Create a Cohere embedder via the registry and generate embeddings for text in multiple languages:

package main

import (
    "context"
    "fmt"
    "log"
    "os"

    "github.com/lookatitude/beluga-ai/config"
    "github.com/lookatitude/beluga-ai/rag/embedding"

    // Register the Cohere provider
    _ "github.com/lookatitude/beluga-ai/rag/embedding/providers/cohere"
)

func main() {
    ctx := context.Background()

    emb, err := embedding.New("cohere", config.ProviderConfig{
        APIKey: os.Getenv("COHERE_API_KEY"),
        Model:  "embed-multilingual-v3.0",
    })
    if err != nil {
        log.Fatal(err)
    }

    // Embed text in multiple languages
    texts := []string{
        "Machine learning is a subset of artificial intelligence.",  // English
        "L'apprentissage automatique est un sous-ensemble de l'IA.", // French
        "El aprendizaje automatico es un subconjunto de la IA.",     // Spanish
    }

    vectors, err := emb.Embed(ctx, texts)
    if err != nil {
        log.Fatal(err)
    }

    fmt.Printf("Generated %d embeddings of dimension %d\n", len(vectors), emb.Dimensions())
}

Single Text Embedding

For embedding a query or individual text:

vector, err := emb.EmbedSingle(ctx, "What is machine learning?")
if err != nil {
    log.Fatal(err)
}

fmt.Printf("Query vector dimension: %d\n", len(vector))

Cross-Language Retrieval

Cohere multilingual embeddings map semantically similar text to nearby vectors regardless of language.
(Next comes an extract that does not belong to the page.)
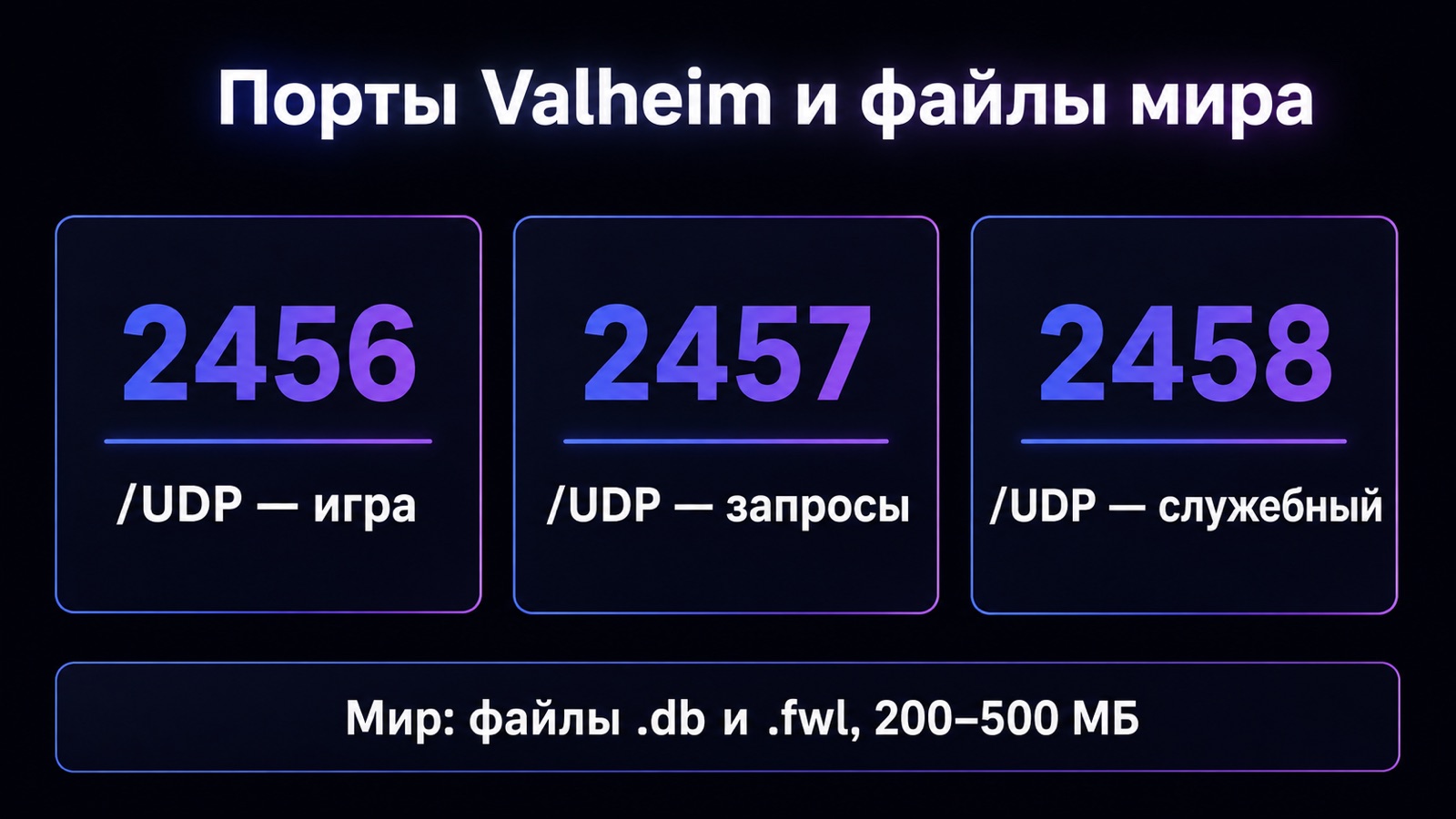 Порты сервера Valheim и файлы сохранения мира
This enables queries in one language to retrieve documents written in another:

package main

import (
    "context"
    "fmt"
    "log"
    "math"
    "os"

    "github.com/lookatitude/beluga-ai/config"
    "github.com/lookatitude/beluga-ai/rag/embedding"

    _ "github.com/lookatitude/beluga-ai/rag/embedding/providers/cohere"
)

func main() {
    ctx := context.Background()

    emb, err := embedding.New("cohere", config.ProviderConfig{
        APIKey: os.Getenv("COHERE_API_KEY"),
        Model:  "embed-multilingual-v3.0",
    })
    if err != nil {
        log.Fatal(err)
    }

    // Documents in different languages
    docs := []string{
        "The capital of France is Paris.",
        "La capitale de la France est Paris.",
        "Go is a statically typed programming language.",
    }
    docVecs, err := emb.Embed(ctx, docs)
    if err != nil {
        log.Fatal(err)
    }

    // Query in Spanish
    queryVec, err := emb.EmbedSingle(ctx, "Cual es la capital de Francia?")
    if err != nil {
        log.Fatal(err)
    }

    // Compute cosine similarity
    for i, dv := range docVecs {
        sim := cosineSimilarity(queryVec, dv)
        fmt.Printf("Doc %d: %.4f - %s\n", i, sim, docs[i])
    }
}

func cosineSimilarity(a, b []float32) float64 {
    var dot, normA, normB float64
    for i := range a {
        dot += float64(a[i]) * float64(b[i])
        normA += float64(a[i]) * float64(a[i])
        normB += float64(b[i]) * float64(b[i])
    }
    return dot / (math.Sqrt(normA) * math.Sqrt(normB))
}

The French and English documents about Paris will score higher than the unrelated programming document, demonstrating cross-language semantic matching.

Available Models

Model	Dimensions	Languages	Use Case
`embed-multilingual-v3.0`	1024	100+	Recommended for multilingual applications
`embed-multilingual-v2.0`	768	100+	Legacy multilingual model
`embed-english-v3.0`	1024	English	Higher accuracy for English-only workloads
`embed-english-light-v3.0`	384	English	Lightweight English model, lower cost

Advanced Topics

Batch Processing

For large document sets, process embeddings in batches to manage memory and respect API rate limits:

batchSize := 96 // Cohere supports up to 96 texts per request
for i := 0; i < len(texts); i += batchSize {
    end := min(i+batchSize, len(texts))
    batch := texts[i:end]

    vectors, err := emb.Embed(ctx, batch)
    if err != nil {
        return fmt.Errorf("batch %d: %w", i/batchSize, err)
    }
    // Store vectors in your vector store...
}

Hooks for Observability

Attach hooks to monitor embedding operations:

import "log/slog"

hooks := embedding.Hooks{
    BeforeEmbed: func(ctx context.Context, texts []string) error {
        slog.Info("embedding texts", "count", len(texts), "provider", "cohere")
        return nil
    },
    AfterEmbed: func(ctx context.Context, embeddings [][]float32, err error) {
        if err != nil {
            slog.Error("embedding failed", "error", err)
        } else {
            slog.Info("embedding complete", "vectors", len(embeddings))
        }
    },
}

Using with a Vector Store

Connect Cohere embeddings to a vector store for similarity search:

import (
    "github.com/lookatitude/beluga-ai/config"
    "github.com/lookatitude/beluga-ai/rag/embedding"
    "github.com/lookatitude/beluga-ai/rag/vectorstore"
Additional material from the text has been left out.